The point of a website brief or RFP (request for proposal) is to give potential agencies a good understanding of what you need them to consider when quoting to build your website.

You can download a copy of this article in Word format to populate with your own content.

The best RFPs are clear, concise, and to the point. They don’t need to be very long and complicated, and they can include your company personality, style, and tone of voice.

A good agency will be able to work alongside you to develop the brief, discover new opportunities or areas that may not have been considered.

So, it’s good to give them enough information about who you are as a company, but also give them some room to shine and show their expertise and excellence when they come back to you with a proposal.

Below you’ll find a starting point and suggestions to help you write one for yourself.

Things you can include in your RFP:

  1. Summary
  2. Company background
  3. Core objectives
  4. Project scope and deliverables
  5. Sitemap
  6. Timeline & milestones
  7. Functional/technical requirements
  8. Budget
  9. Criteria for selection

1. Summary

This should be a broad outline and a general introduction to the company. It should detail why you’re seeking an agency and what you hope they can do for you.

Example:

We are a performing arts charity based in the heart of Birmingham.

Our mission is to provide high-quality, relevant and inclusive opportunities for people across The Midlands to engage with live events, performers and audiences. Through performances, artist development and participatory work we create opportunities for people to learn about themselves and others, and to understand and shape the world around them.

We are approaching agencies to redesign our current site.
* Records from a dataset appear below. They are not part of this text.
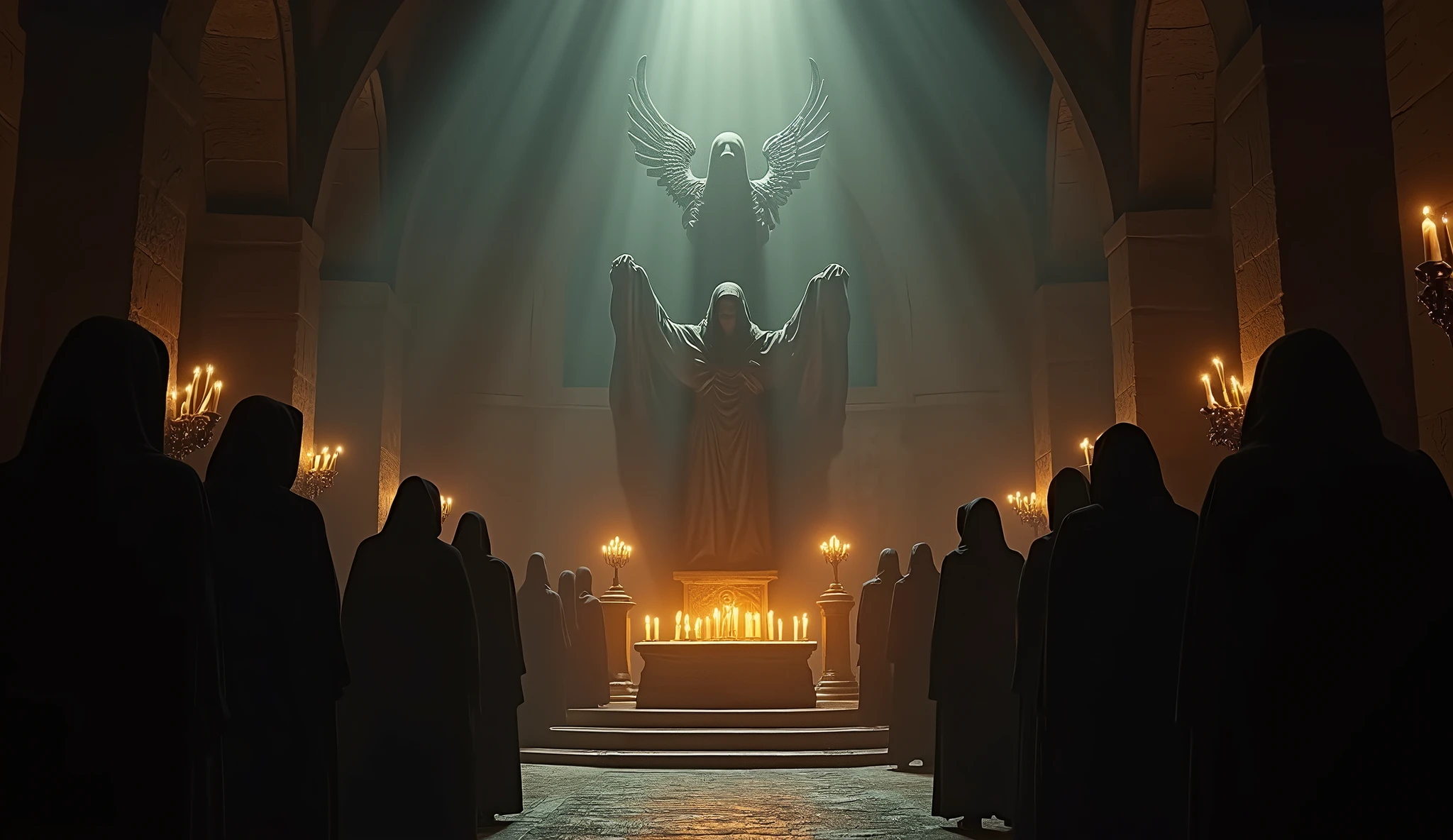 8k、(Extreme low angle), (number々の賞を受賞したmasterpiece、Incredible detail、Texture、Maximum details),red flame candle, (summoning magic),(St George's Church in Lalibela at night (Church of Saint George) - Ethiopia), (dark ritual),(dark organization)arafed image of a group of people in a church with candles,lit candle, dark cinematic concept art, elegant cinematic fantasy art, photorealistic dark concept art, by Beeple, dark robes, wojtek fus, gothic epic library concept, gothic epic library, epic cinematic concept art, dark concept art, Beeple and mike winkelmann, symmetrical epic fantasy art, High resolution, masterpiece, Highest quality, Intricate details, Very detailed, Clear focus, practical skin texture, texture, Shot with Canon, 85mm, Shallow and deep, Kodak Vision Color, Exactly, Very detailed, photograph_\(Extremist\), photographpractical, practical, Post-processing, Maximum details, Roughness, Real Life, Extremist practical, Photorealism, photographgraphy, 8K Ultra HD, photographgraphy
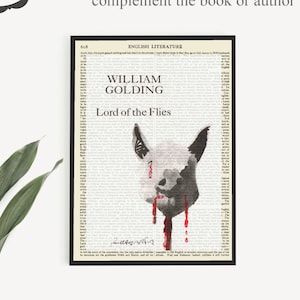 Ein druckbarer &#39;Lord Of The Flies&#39; Buchumschlag Druck auf Enzyklopädie-Seite, William Golding Druck, Lord Of The Flies Poster, Buch Kunstdrucke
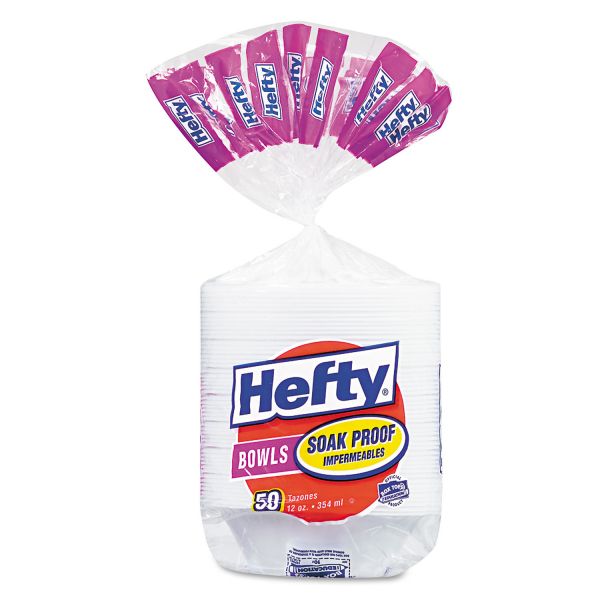 RFPD25012 Hefty Soak Proof Foam Bowls, 12oz, 50/Pack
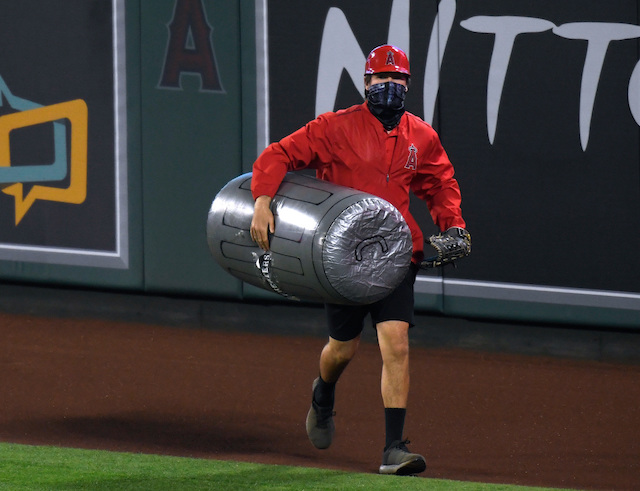 Dodgers Fan Throws Trash Can On Field During Astros-Angels Game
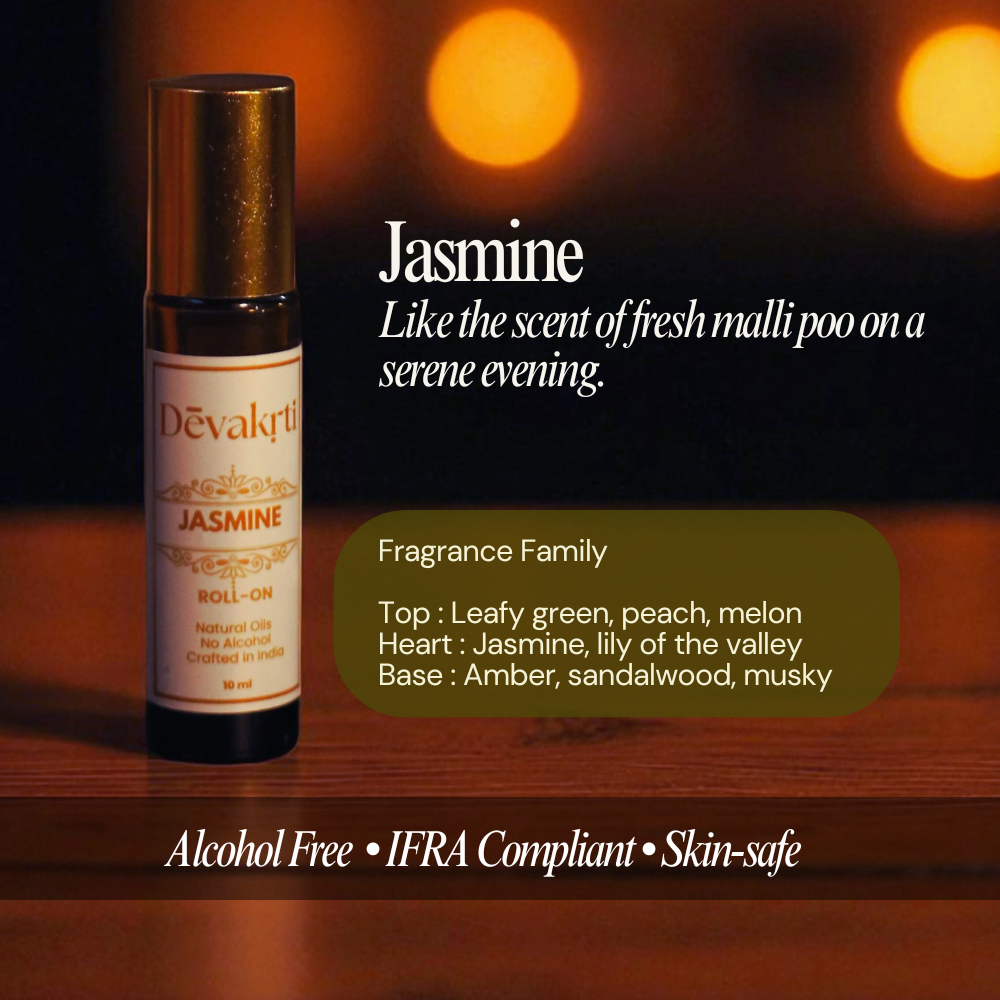 Jasmine Natural Roll-On Perfume - Fresh Malli Poo Temple Fragrance | Alcohol-Free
We feel it is complicated to use, outdated, and no longer meets our requirements.

The new site should focus on raising awareness around our events and activities, promote ticket sales, encourage donations and help us with data capture.

2. Company background

Use this area to share a short history of the company and outline who your main visitors are.

Example:

Founded in 1944, we have been putting performing arts into the heart of the Midlands ever since. We aim to bring artists, audiences, and communities together so that everyone can find, explore and share extraordinary performances in one of the most vibrant areas of Birmingham.

Our main types of visitors are musicians and actors who perform with us, and schools and residents who attend our events and donate to our charity.

3. Core objectives

Use this section to outline what you hope to achieve with the new website. Be honest about why the current site isn’t performing as required.

Example:

The current site is built with WordPress, which we are happy to stay with. We need the new site to be easy to use. Currently, the back-end is very complicated and hard to make changes to and update.

We feel the design requires modernisation. Also, we would like to integrate a video component on the homepage, some animation of our logo with handwriting design, big, bold images that are static when scrolling down the page. Just an overall more modern and fresh look. We really like the look and feel of the Birmingham Hippodrome website.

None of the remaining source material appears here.